I belong to the small percentage of gardeners who don't mind staking their perennials. It's not that I like the physical demands of staking, but more, I suppose, that I love how the garden looks when the participants are properly posed.
Some of my favorite varieties require staking: baptisia, peonies, Crambe cordifolia, Zebra grass (Miscanthus sinensis 'Zebrinus'), a spectacular bearded iris named 'Beverly Sills' (how sad she looks with her beautiful blossoms in the mud!), wild senna, and, of course, the tall, graceful, (but top-heavy) Asiatic lilies. I want these plants in my garden, and I enjoy giving them the support and attention they need to deliver their best performance.
After years of discussing the stigma of staking with other gardeners, I've concluded that what most people dislike about the chore is not the activity itself, but collecting the supplies needed to do it. String, twist ties, wood and metal posts, thick and thin bamboo stakes, sticks and branches, hoops, rods, towers, teepees, and grids (each with matching legs), fencing, chicken wire, coat hangers, plastic mesh, and pea brush — the paraphernalia of staking can take up half the tool shed.
Gardeners who grow a lot of perennials, especially those with large gardens, use most of these items at one time or another. I've tried them all and now store only those I really need and are most convenient to use.
Storage is the key, followed by organization. If everything's in place and can just be plucked from its hook or bucket (I use five-gallon buckets, available at discount home centers, to store legs and stakes, by size), the chore seems less onerous when the time comes. A small garden basket holds balls of twine — natural and green, depending on stem color — a large roll of twist ties, and strips of soft cloth and old nylon stockings, which I cut during the winter to replenish my stock.
There's something about having these supplies all ready to go that turns the otherwise unpleasant task of staking into a few minutes of "quality time" with my perennials.
Supporting plants early, before they truly need it, is the real secret to reducing the aggravation of staking. By the time foliage flops on the ground, stems bent or broken, flowers face down in the mud, it's too late. A splint may help revive the clump, but it will never look natural again. Salvaging the blossoms for cut flowers is often a gardener's only alternative.
It's this remedial staking, I've found, that most gardeners hate. It's not only discouraging, but the results are generally unsatisfactory. No wonder we avoid it!
The first plants staked in my garden each season are peonies. "Peony hoops," designed especially for the purpose, work well. It takes just a minute to attach the 36-inch legs and position the hoops over emerging clumps. The stakes only show for a week or two, then disappear within the dark green foliage. As the buds open, just wiggle the legs higher to support the heavy blossoms.
When the display is over, cut off the spent flower stalks, gently trim the remaining foliage, then lift the stakes and move them to other plants. By this time in my garden, balloon flower, asters, obedient plant and other late bloomers need the attention.

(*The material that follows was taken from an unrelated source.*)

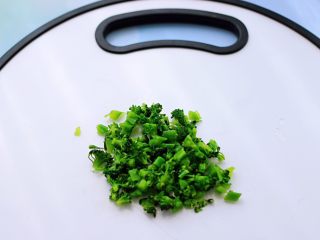 10、藜麦海苔五彩米饭团,焯好的西兰花，沥干水分后，用刀切成碎末备用。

Good quality, vinyl-coated stakes are expensive, but they last for years. Re-using them makes the investment worthwhile.
For individual stems, I reach for the stakes that have the hoop at the end, bent at a right angle to the "leg." I own a lot of these, in different lengths, for they come in handy for so many flowers. Lilies, delphiniums, iris, lupines, foxglove, snakeroot, blazing star, and other spiky perennials are potential candidates.
Peas brush — short twiggy branches cut from birch or willow pushed into the soil — is useful for supporting airy plants like baby's breath, flax, and Gaura lindheimeri. Between rows of cut flowers, I stretch a grid of twine anchored by sturdy bamboo stakes — it doesn't have to be pretty, just strong.
Putting the "mechanics" in place early allows me to enjoy the rest of the season without worrying about what damage the next heavy rain will bring, or despairing when I see a beautiful combination ruined by nature's pique.
Lindsay Bond Totten, a horticulturist, writes about gardening for Scripps Howard News Service.